The road to Takengon
Our field visit began at 4:30 am on a Wednesday, boarding a small propeller aircraft from Kuala Namu International to the Takengon highlands of Aceh. Takengon sits at 1,200 metres above sea level, wrapped around Lake Laut Tawar, and grows some of the finest Gayo arabica in Indonesia. The cooperatives here have supplied Nusawara since 2014.
We had come to see the effects of an unusually dry El Niño-influenced dry season that stretched from May through September. Farmers we spoke with — Pak Sabri, Ibu Rosmah, and the Kopi Gayo Mandiri collective — all reported the same pattern: fewer cherries per branch, but slower ripening, greater sugar accumulation, and remarkably clean acidity.
The tree looked stressed, but the cherry tasted like an heirloom apple. We knew this would be a special year.
— Pak Sabri, Bandar Baru Cooperative
What the numbers show
Aggregate 2025 production data from BPS Aceh points to roughly 47,000 metric tons of arabica versus 53,500 tons in 2024 — a 12.1% contraction. But quality metrics tell a different story.
- Average SCA cup score: 85.4 (vs 83.1 in 2024)
- Density: 810 g/L (vs 780 g/L in 2024)
- Defect rate at pre-export screening: 3.2% (vs 5.8% in 2024)
- Moisture at export: 11.4% (well within 12% ceiling)
For specialty roasters, this is the kind of harvest to lock in early. Prices at origin have already firmed roughly 8-14% depending on grade, and secondary buyers are entering the market late. If you're waiting for prices to drop before you commit to your 2026 program, we suggest not waiting.
Micro-lots we're watching
Three farms in particular have caught our sensory team's attention this year. The Kopi Kalosi Bajawa micro-lot from Flores (not technically Sumatran but harvested in parallel) is showing a jasmine-and-white-peach profile at natural process. The Bener Meriah wet-hulled from Central Aceh is delivering a syrupy body with cocoa nib finish that we haven't tasted since 2017.

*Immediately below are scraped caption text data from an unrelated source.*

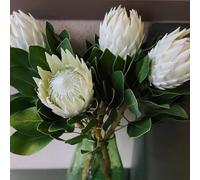 Semi di protea, autunnali resistenti semi resistenti per il giardino per luoghi soleggiati come gli ospiti vecchie varietà da balcone 25pcs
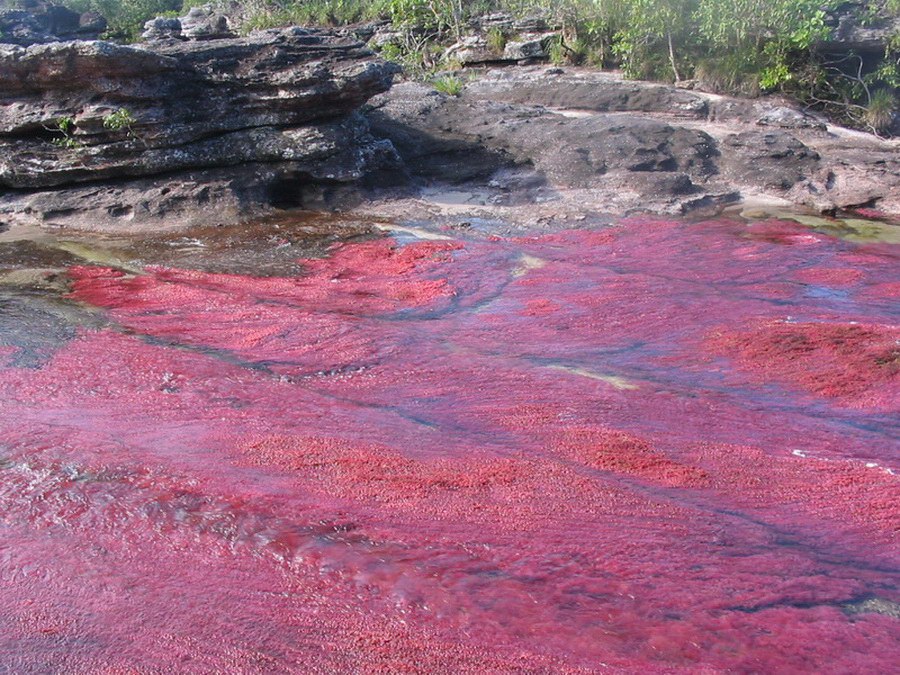 -      .- (Cao Cristales   ), ...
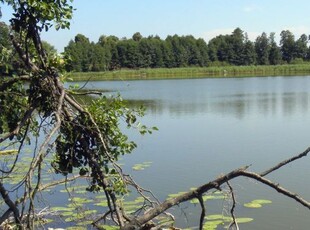 85 zł m2 działka nad jeziorem Chojnice, województwo pomorskie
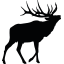 Elk Mountain Inn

The third — a small experimental honey-process from a cooperative near Sidikalang — is one of the most unusual coffees to ever come out of Sumatra. We're releasing sample tins to five specialty roasters for their spring 2026 blends.
What this means for buyers
For coffee importers, three practical recommendations.

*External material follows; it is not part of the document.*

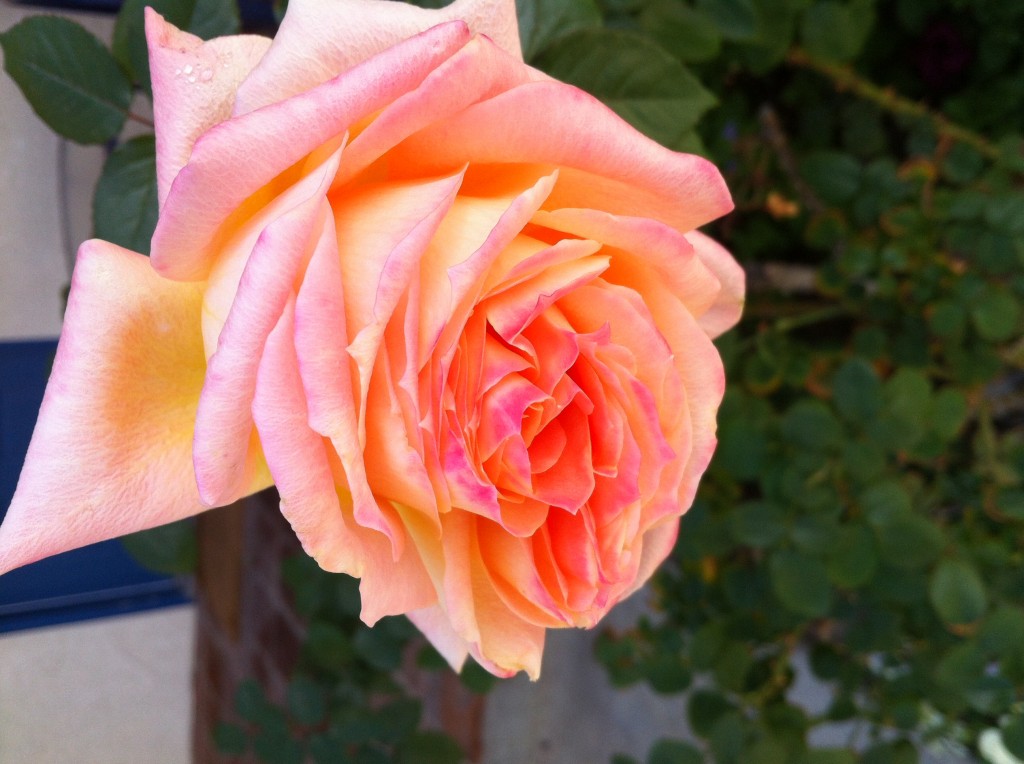 Rose at La Quinta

- Lock in Q1 2026 volumes now. Prices at origin will not soften. Secondary buyers entering late will pay 15–20% more.
- Consider paying for cup scores. Nusawara provides third-party SCA cupping certificates at cost — a small investment that unlocks premium retail positioning.
- Ask about direct-trade micro-lots. Even 500 kg of a well-scored micro-lot can transform a specialty roaster's brand narrative.
Field notes
The people of Aceh have been growing arabica since the 1920s. What still surprises us — after ten years of visits — is how much the farmers themselves care about the final cup. Ibu Rosmah, who has 1,400 trees at 1,350 metres, asked us to send back cupping notes from the roasters we sold her lot to. "So I know what they tasted," she said. We will.